成毛滋
渋谷駅前を恵比寿方向へ向けて走るプリンススカイライン2000GTB。
小雨の中をその薄黄がかったアイボリーの車のステアリングを握るのは成毛滋。
祖父はブリヂストン創業主、そして現副社長を父に持つ日本を代表するギタリストである。
そんな成毛に運転させながら助手席の自分が、
「金があるんだからさ、新しいGTR買ったら」
という声かけに、
「いや、ボクはこの車が大好きなんだよ」
と小雨を拭うワイパーの陰で返され、御曹司の御曹司たる趣味の良さと自分を大事にするという遺伝子に、自分の貧乏人根性が打ちのめされたような気がした。
そして彼の家に着きどれくらい話し込んだだろ。
日本、アメリカ、ロック、民族、もうカーテンを閉め切った部屋でまだ夜なのかもう朝なのかわからないほどのめり込んで話しまくった。
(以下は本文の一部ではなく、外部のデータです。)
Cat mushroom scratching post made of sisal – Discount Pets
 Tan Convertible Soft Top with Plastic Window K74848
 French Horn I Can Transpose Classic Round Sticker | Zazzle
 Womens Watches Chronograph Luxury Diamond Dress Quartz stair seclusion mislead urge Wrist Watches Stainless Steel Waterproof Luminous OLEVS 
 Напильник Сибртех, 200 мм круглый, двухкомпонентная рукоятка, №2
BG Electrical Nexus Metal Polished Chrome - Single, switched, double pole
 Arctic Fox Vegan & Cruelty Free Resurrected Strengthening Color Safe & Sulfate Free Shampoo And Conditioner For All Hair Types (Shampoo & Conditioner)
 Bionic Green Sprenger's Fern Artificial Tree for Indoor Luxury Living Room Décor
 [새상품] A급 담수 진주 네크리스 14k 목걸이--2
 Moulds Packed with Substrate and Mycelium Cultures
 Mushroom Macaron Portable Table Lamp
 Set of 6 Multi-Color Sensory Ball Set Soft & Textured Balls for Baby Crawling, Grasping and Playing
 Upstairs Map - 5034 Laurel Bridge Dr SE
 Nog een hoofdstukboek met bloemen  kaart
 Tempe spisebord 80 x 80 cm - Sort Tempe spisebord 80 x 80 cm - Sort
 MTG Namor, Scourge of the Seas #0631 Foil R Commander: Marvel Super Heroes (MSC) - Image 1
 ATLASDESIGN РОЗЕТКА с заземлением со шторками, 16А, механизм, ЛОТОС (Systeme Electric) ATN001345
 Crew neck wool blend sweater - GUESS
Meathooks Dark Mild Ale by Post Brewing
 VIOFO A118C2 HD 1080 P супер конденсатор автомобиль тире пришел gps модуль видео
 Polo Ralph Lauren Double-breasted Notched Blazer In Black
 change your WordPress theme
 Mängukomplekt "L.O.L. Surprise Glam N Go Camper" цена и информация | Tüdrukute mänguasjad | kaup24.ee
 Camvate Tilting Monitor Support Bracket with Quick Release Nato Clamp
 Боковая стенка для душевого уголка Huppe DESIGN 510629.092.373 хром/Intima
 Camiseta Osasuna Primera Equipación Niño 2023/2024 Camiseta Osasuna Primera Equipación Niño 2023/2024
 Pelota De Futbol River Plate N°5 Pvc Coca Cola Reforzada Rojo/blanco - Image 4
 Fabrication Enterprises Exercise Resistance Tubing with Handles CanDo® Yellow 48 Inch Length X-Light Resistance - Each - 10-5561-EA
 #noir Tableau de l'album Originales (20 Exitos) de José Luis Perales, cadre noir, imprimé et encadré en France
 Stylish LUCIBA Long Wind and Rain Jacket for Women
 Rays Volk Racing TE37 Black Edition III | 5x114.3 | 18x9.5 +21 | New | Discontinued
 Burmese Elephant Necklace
ヒッピーかぶれやヤンキー(アメリカ人への蔑称)気取りばかり横行する自分らの界隈で、はじめてちゃんと話が出来る男と出会えた喜びを噛みしめていた。
そんな成毛のミッキー吉野との貴重な写真が夕刊フジによって掲載された。
目を潤ませながら見させてもらっていた、なんて惚れ惚れするくらいいい男なんだ。
もっといろいろ話したかった。
一緒にいろいろやりたかった。
2007年3月29日、還暦を迎え逝去。